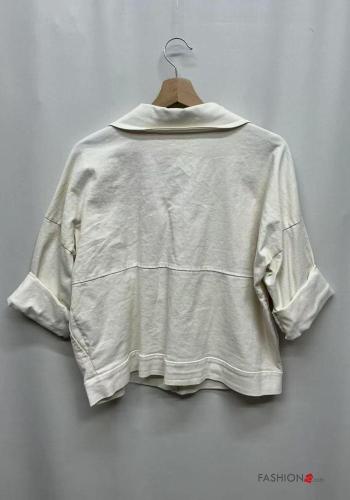 Cotton Jacket - ph 6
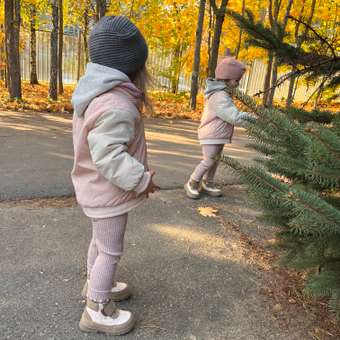 Рейтузы Futurino: отзыв пользователя Детский Мир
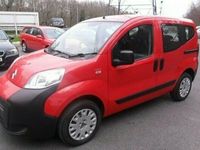 Used Citroën Nemo 2010 MPV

• • • • •

> **Requirement**
The answer is the listing above repeated verbatim, minus its images.

> **The completed task**
 Cotton Jacket - ph 6
 Рейтузы Futurino: отзыв пользователя Детский Мир
 Used Citroën Nemo 2010 MPV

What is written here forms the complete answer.